St. John's applied for a construction permit for a new FM station in 1975. After receiving the permit in 1976, the station began transmitting on 89.1 FM for the 1977–78 school year, with a transmitter on Nequette Hill near the St. John's campus. The move to FM brought with it a doubling of KSJU's hours of operation. It marked the return of St. Johns to the FM dial, after having spun off public radio station KSJR-FM, which became the core of today's Minnesota Public Radio. (MPR celebrated its 25th anniversary in 1992 by broadcasting from the university's studios.) In April 1979, the station held a 70-hour marathon to raise the money necessary to convert to stereo broadcasting.

KSJU was a class D station for its entire existence as an FM broadcast station. Broadcasting with 10 watts, this made it a secondary service to other "full-service" radio stations. In the summer of 1984, KSJU relocated from 89.1 to 96.5 MHz, a move forced by the recent opening of applications for the 88.9 frequency, which became KNSR. The frequency change cost $7,000; simultaneously, the station was displaced from its auditorium studios by renovations, settling in Mary Hall.

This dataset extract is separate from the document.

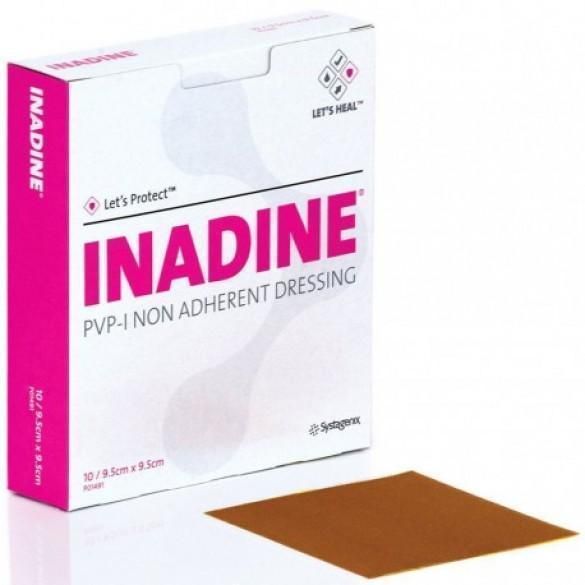 Inadine 9.5cm x 9.5cm x 10 Non-Adherent Dressings - Inadine EasyMeds Pharmacy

The station operated on 96.5 MHz for four years before another radio station bumped it off the dial: the new station KKSR in Sartell, operating on 96.7 MHz. Though the university said it would look into the process of obtaining a new radio station license, this never occurred, with St. John's deciding to let the license lapse; instead, in an arrangement intended to be temporary, KSJU was placed as a cable FM channel on the local cable system, beginning December 1, 1988. The arrangement, however, carried a major drawback: the station was no longer listenable at St. Benedict and remained so for years, even though CSB students paid activity fees that supported its operations. In 1993, KSJU became "KJNB" ("Johnnies and Blaze"), reflecting its return to St. Benedict and in preparation for an attempt to return to the air with MPR backing. In 2000, another effort was made to return to the FM dial when the university filed for a low-power FM station. Low-power station applications were not initially required to protect stations on third-adjacent FM channels, but a law change in December 2000—after the original filing—required them to do so. After a remedial window, applicants for 484 proposed stations, including SJU, failed to modify their applications to address this deficiency, resulting in the dismissal of their applications in March 2003.